|
Texto Anterior | Próximo Texto | Índice
ELIO GASPARI
A turma da jogatina quer ganhar a parada
O bicheiro Júlio Guimarães tinha razão: "Passou no Senado e vai passar na Câmara; confia em mim"
SÃO ENORMES OS poderes do
pessoal da jogatina. Basta lembrar que, em 2004, a Casa Civil
da Presidência levou ao Congresso o
texto da mensagem presidencial,
onde se lia: "A regulamentação da
atividade dos bingos vai organizar o
setor e assegurar recursos para o esporte social". Numa reunião no Planalto, o secretário da Presidência,
Luiz Dulci, disse que esse trecho não
passou pela sua mesa, onde se deu
texto final à mensagem.
Três dias antes desse misterioso
acontecimento, o país havia assistido à cena de um subchefe da Casa
Civil, recebendo uma sacola de dinheiro de um contraventor. (Quando a cena foi filmada, Waldomiro Diniz não trabalhava no Planalto.)
Veio a fúria moralizante, instalou-se uma CPI e ela recomendou a criação de um marco legal para o jogo.
Apareceu um projeto no Senado
dando aos Estados o poder de distribuir concessões para a exploração
de loterias. Ele foi aprovado no dia 8
de fevereiro. Três dias antes, a Polícia Federal gravara uma conversa do
bicheiro Aniz Abraão para um amigo, pedindo o telefone de um senador. Associar uma coisa a outra pode
ser maledicência mas, ocorrida a votação, o advogado Júlio Guimarães,
em cuja casa seriam encontrados
R$ 10 milhões atrás de uma parede
falsa, disse o seguinte a um colega:
"Passou no Senado e vai passar na
Câmara. Nós vamos ganhar essa parada. Confia em mim".
Se ninguém fizer nada, a turma da
jogatina ganha essa parada. O regime de concessões estaduais abre caminho para exorbitâncias e contravenções. Em Pernambuco, há a idéia
de se conceder a exploração de uma
loteria que poderá arrecadar R$ 840
milhões, repassando ao Estado R$ 6
milhões. Ou seja, vão avançar sobre
o dinheiro da patuléia, deixando migalhas para a sociedade.
O projeto aprovado pelo Senado
vai a voto hoje na Comissão de Defesa do Consumidor da Câmara. A ligação de Genival Inácio da Silva, o
Vavá, com um mercador de apostas
da Baixada Santista fez com que o
próprio presidente da República
caísse num grampo da Polícia Federal. (Era conversa banal, sobre a saúde de um amigo, e Lula foi ao telefone porque estava na casa para onde o
sócio da casa de jogo telefonou.)
Pretende-se dar legitimidade federal aos concessionários estaduais
da jogatina.
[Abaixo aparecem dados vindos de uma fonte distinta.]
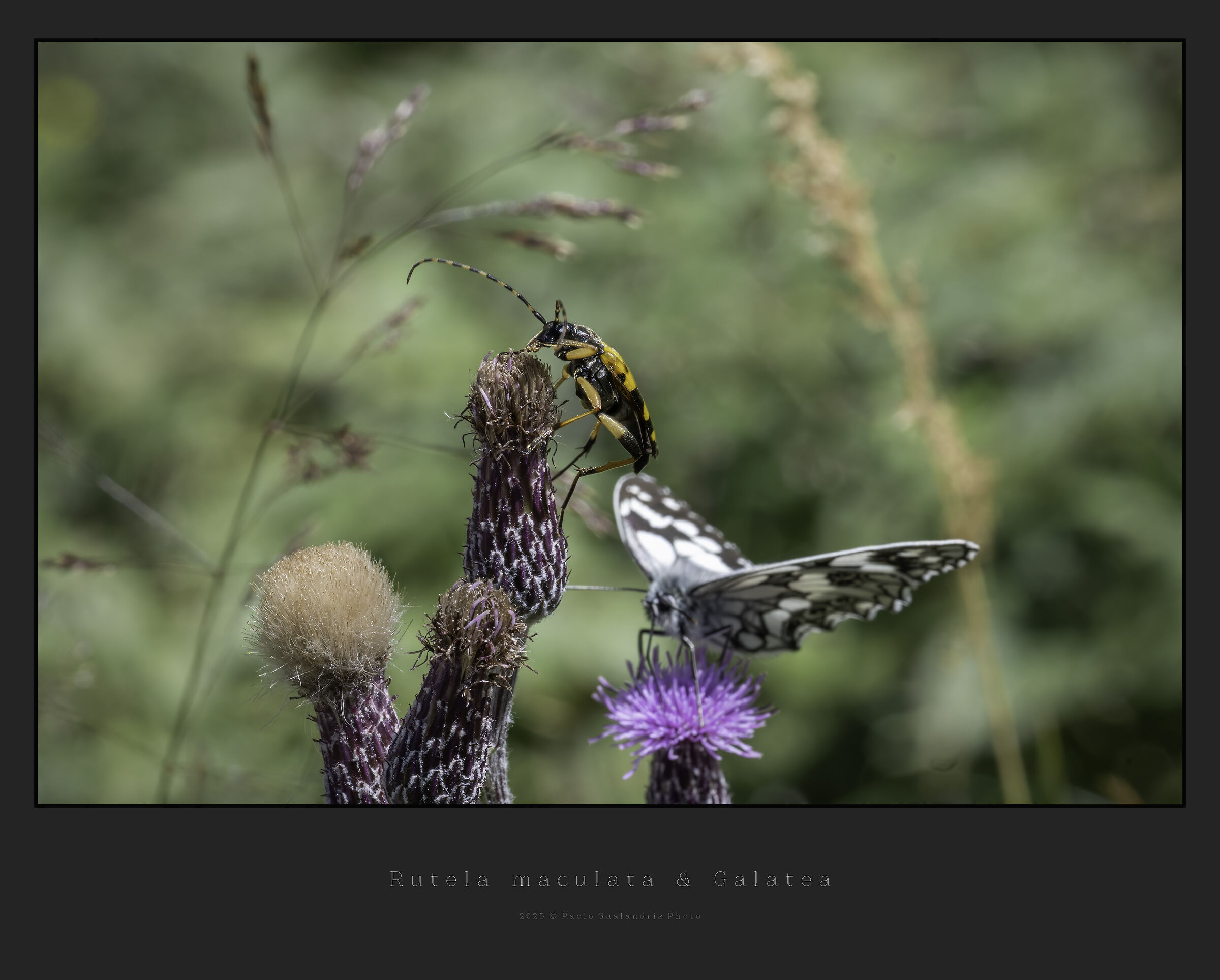 Rutpela maculata & Galatea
O projeto é suficientemente vago para que cada governador se transforme num distribuidor
de licenças de jogatina. As máquinas
de caça-níqueis, por exemplo, são
loterias eletrônicas e não há quem
possa negar isso. Pretendem inverter a regra. A lei diz que o jogo é proibido no Brasil. Os senadores, os bicheiros e um lote de deputados querem definir quais jogos são permitidos, por quem.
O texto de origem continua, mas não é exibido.